▸ **What is required**
Would you transcribe the lines running from the one that holds "Rule 34 | 1girl, absurdres, akito" to the last line of the records? Leave every picture out.

::: Data shown

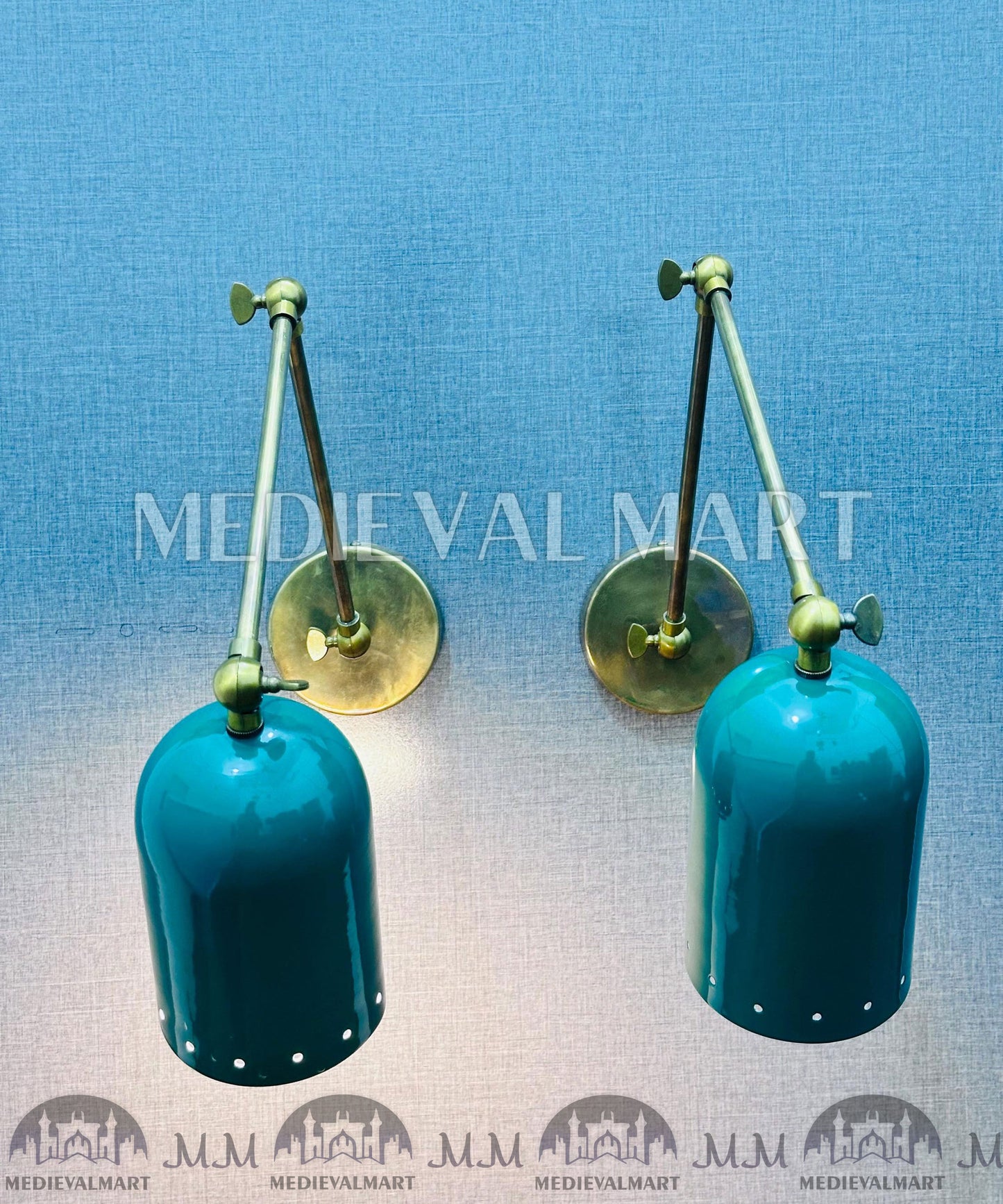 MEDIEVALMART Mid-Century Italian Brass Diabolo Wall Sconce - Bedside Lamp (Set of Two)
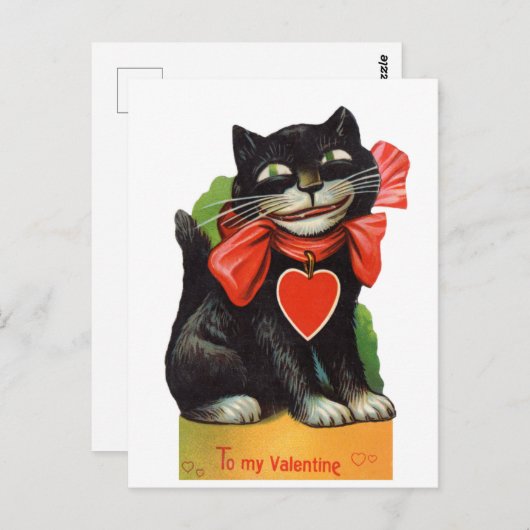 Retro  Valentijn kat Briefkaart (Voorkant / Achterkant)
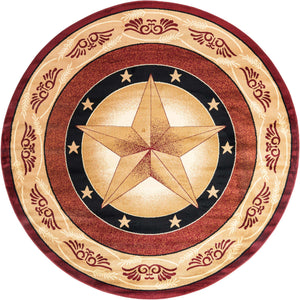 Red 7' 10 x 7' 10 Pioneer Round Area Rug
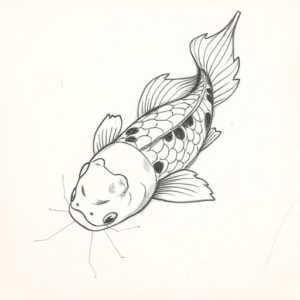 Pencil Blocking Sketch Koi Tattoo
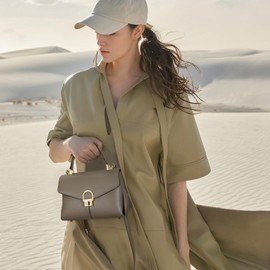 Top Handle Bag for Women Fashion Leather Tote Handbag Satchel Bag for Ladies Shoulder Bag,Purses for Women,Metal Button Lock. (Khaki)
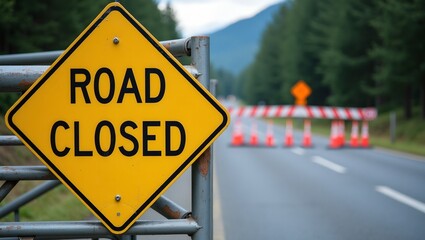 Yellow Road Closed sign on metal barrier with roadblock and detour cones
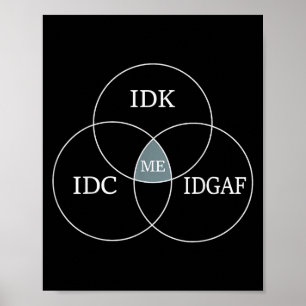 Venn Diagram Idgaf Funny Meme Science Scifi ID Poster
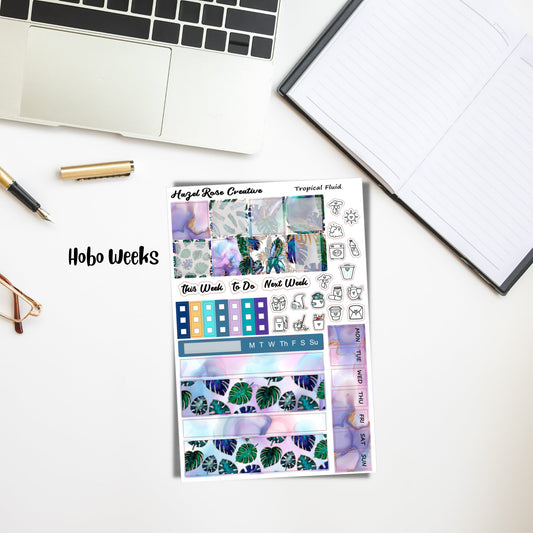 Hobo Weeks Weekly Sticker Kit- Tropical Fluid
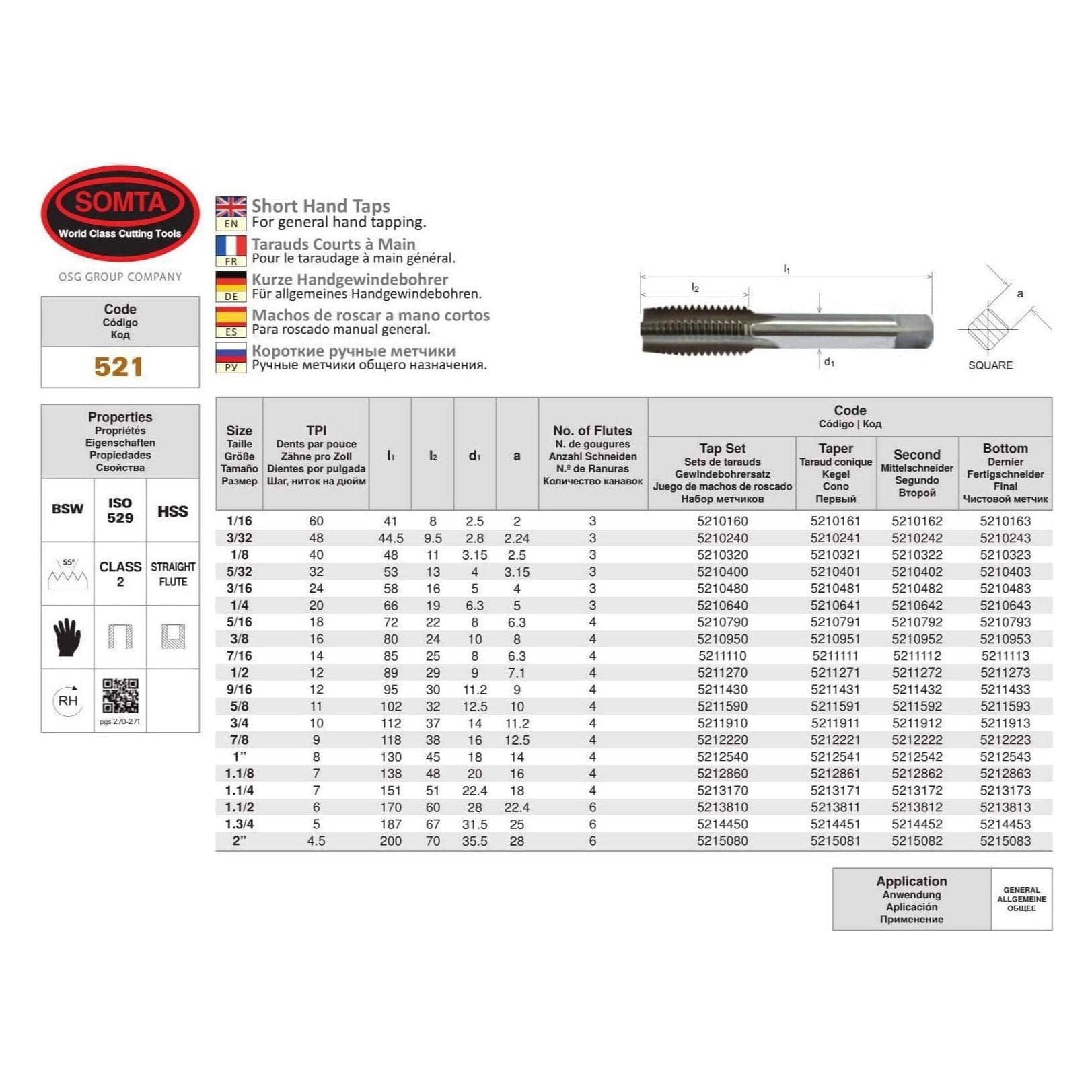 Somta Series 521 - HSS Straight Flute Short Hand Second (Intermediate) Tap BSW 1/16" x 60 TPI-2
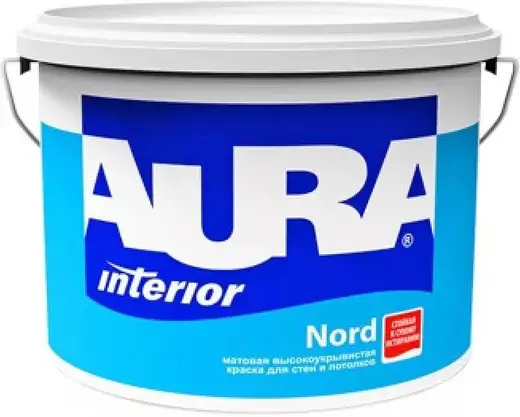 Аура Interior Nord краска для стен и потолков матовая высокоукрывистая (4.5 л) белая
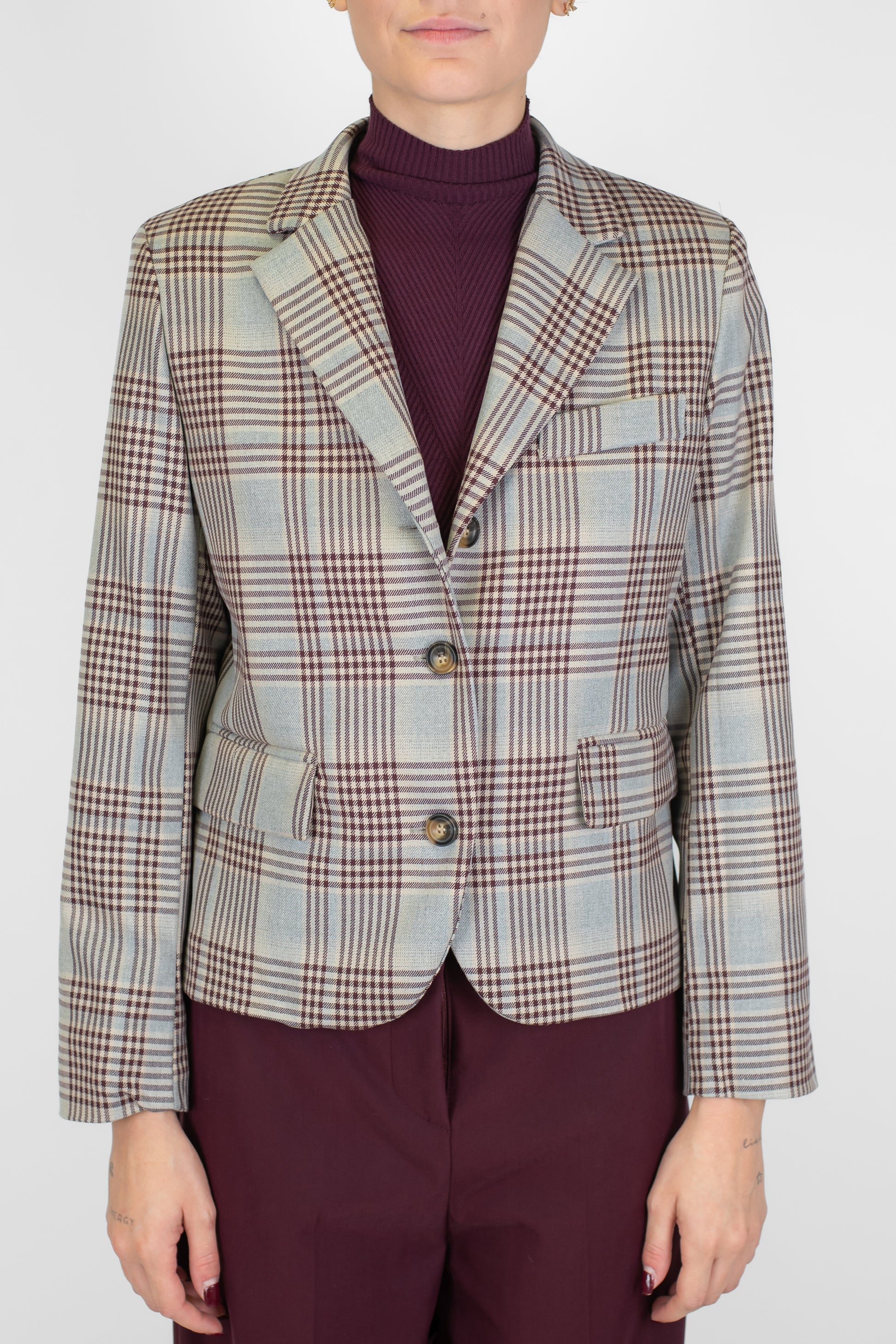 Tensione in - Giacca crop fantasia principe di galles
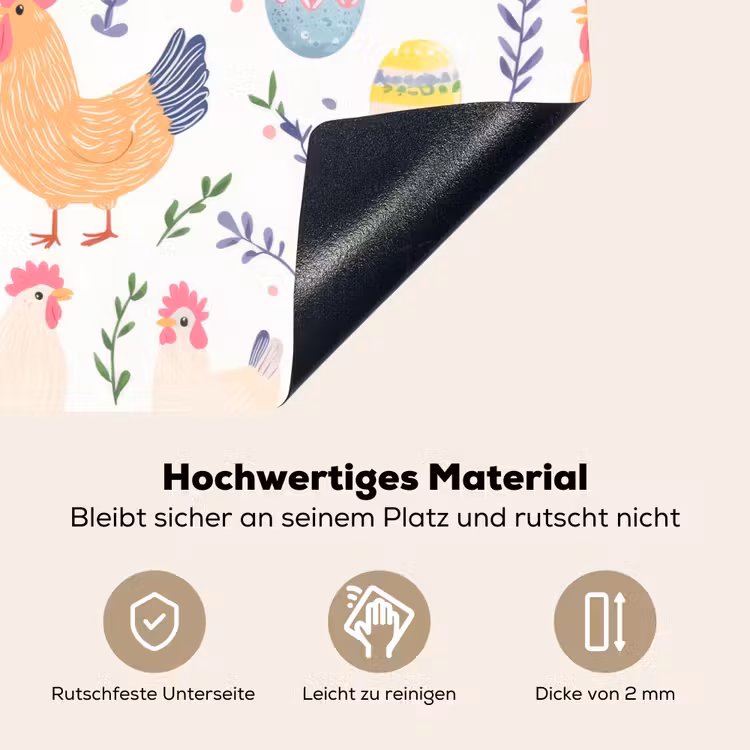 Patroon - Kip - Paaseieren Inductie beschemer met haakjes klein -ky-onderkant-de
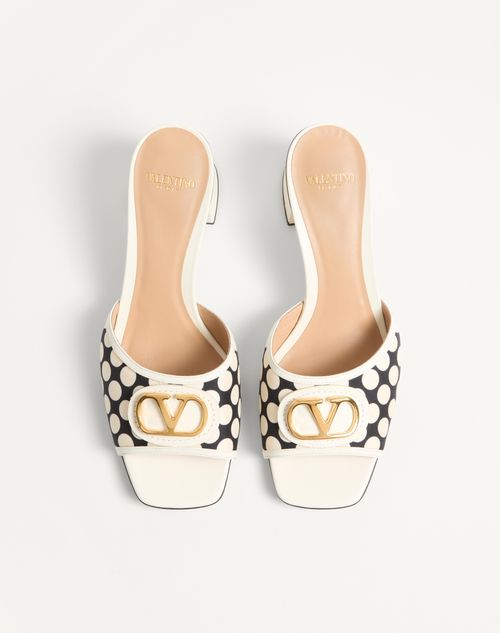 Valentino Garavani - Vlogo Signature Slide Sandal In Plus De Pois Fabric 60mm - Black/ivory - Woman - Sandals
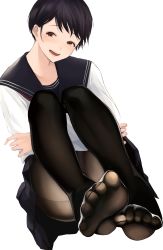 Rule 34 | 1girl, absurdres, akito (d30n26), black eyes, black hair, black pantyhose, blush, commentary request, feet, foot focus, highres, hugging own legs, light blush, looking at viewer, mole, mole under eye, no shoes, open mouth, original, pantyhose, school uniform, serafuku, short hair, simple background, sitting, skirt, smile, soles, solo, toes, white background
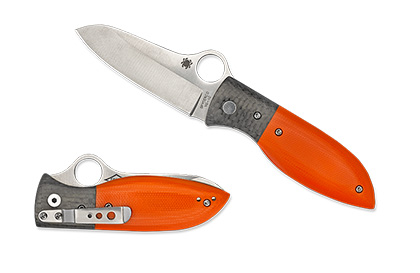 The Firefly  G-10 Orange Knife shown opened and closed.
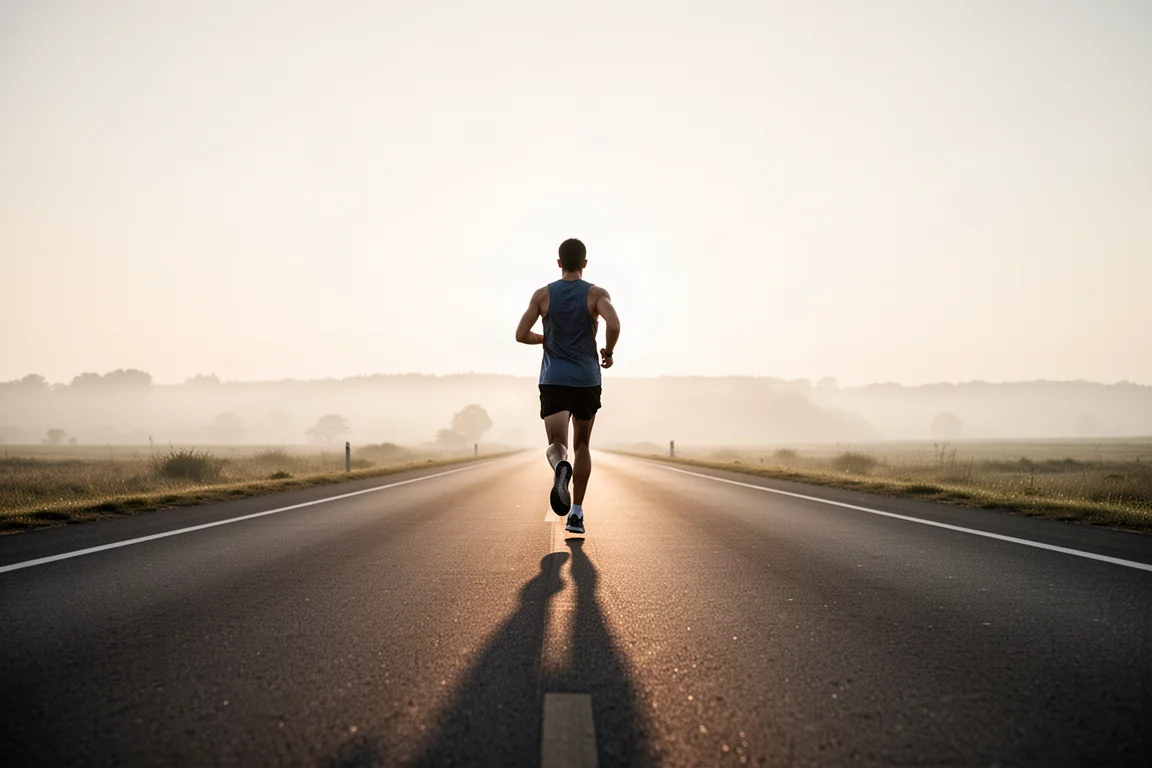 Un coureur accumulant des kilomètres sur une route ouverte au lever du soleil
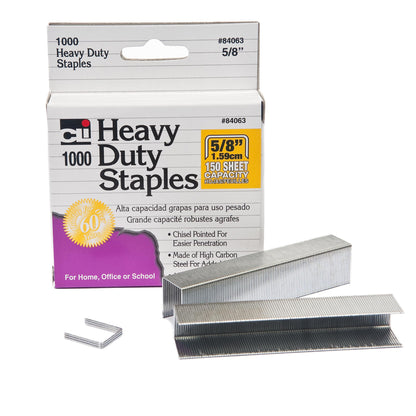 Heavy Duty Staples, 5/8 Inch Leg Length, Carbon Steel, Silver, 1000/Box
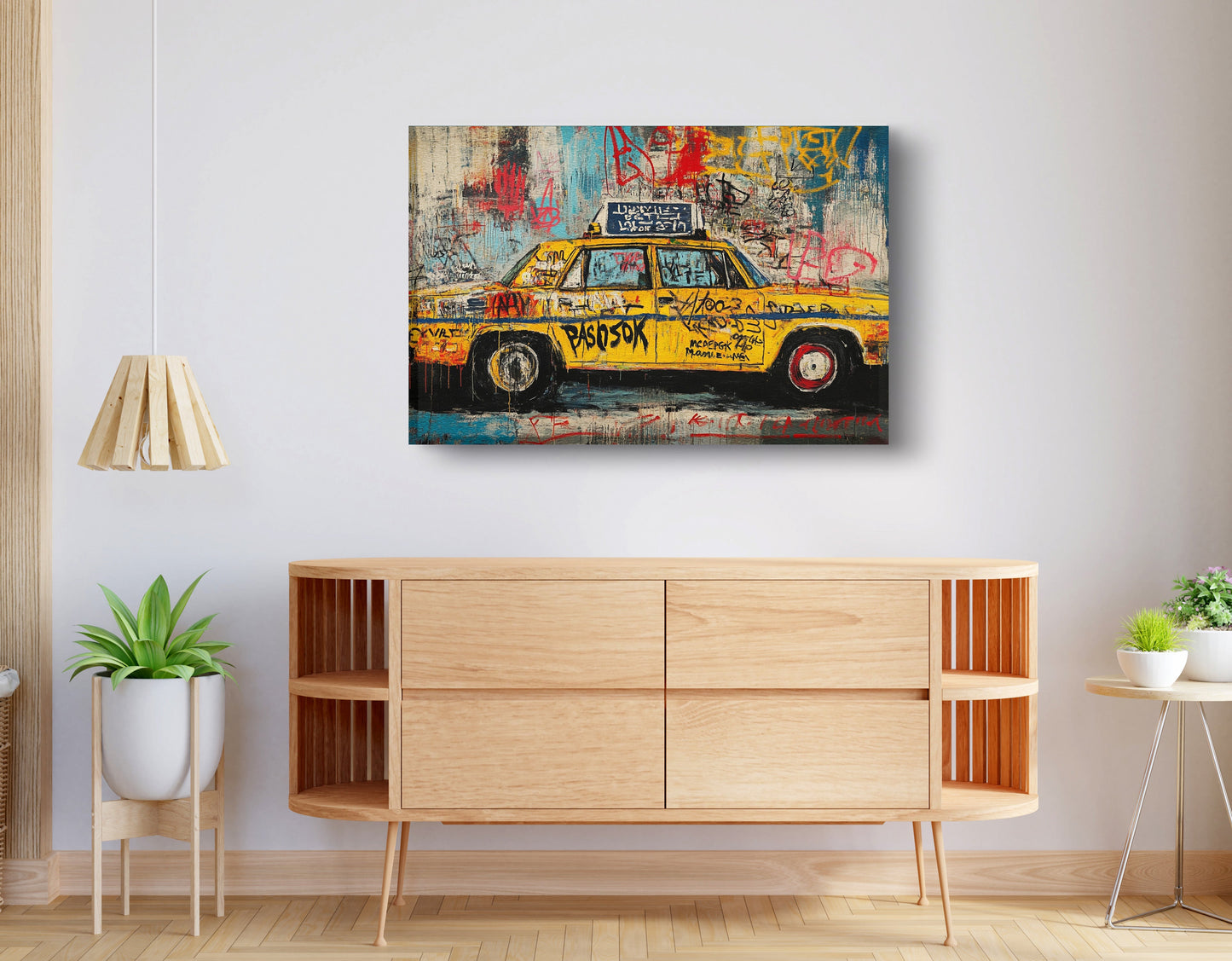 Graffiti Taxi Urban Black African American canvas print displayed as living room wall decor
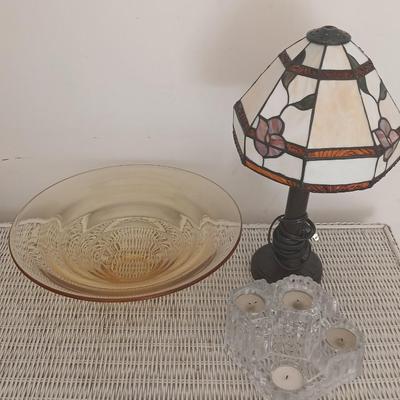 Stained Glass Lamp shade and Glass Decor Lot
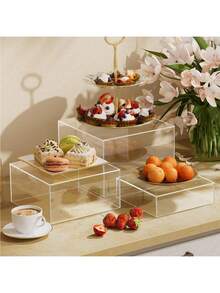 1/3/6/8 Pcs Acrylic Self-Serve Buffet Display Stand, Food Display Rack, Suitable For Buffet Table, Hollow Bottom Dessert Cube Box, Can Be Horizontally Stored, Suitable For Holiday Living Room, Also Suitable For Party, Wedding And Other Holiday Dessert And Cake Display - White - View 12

::::::

▸ **Reply**
 Rule 34 | 1girl, absurdres, akito (d30n26), black eyes, black hair, black pantyhose, blush, commentary request, feet, foot focus, highres, hugging own legs, light blush, looking at viewer, mole, mole under eye, no shoes, open mouth, original, pantyhose, school uniform, serafuku, short hair, simple background, sitting, skirt, smile, soles, solo, toes, white background
 The Firefly  G-10 Orange Knife shown opened and closed.
 Un coureur accumulant des kilomètres sur une route ouverte au lever du soleil
 Heavy Duty Staples, 5/8 Inch Leg Length, Carbon Steel, Silver, 1000/Box
 Graffiti Taxi Urban Black African American canvas print displayed as living room wall decor
 Stained Glass Lamp shade and Glass Decor Lot
 1/3/6/8 Pcs Acrylic Self-Serve Buffet Display Stand, Food Display Rack, Suitable For Buffet Table, Hollow Bottom Dessert Cube Box, Can Be Horizontally Stored, Suitable For Holiday Living Room, Also Suitable For Party, Wedding And Other Holiday Dessert And Cake Display - White - View 12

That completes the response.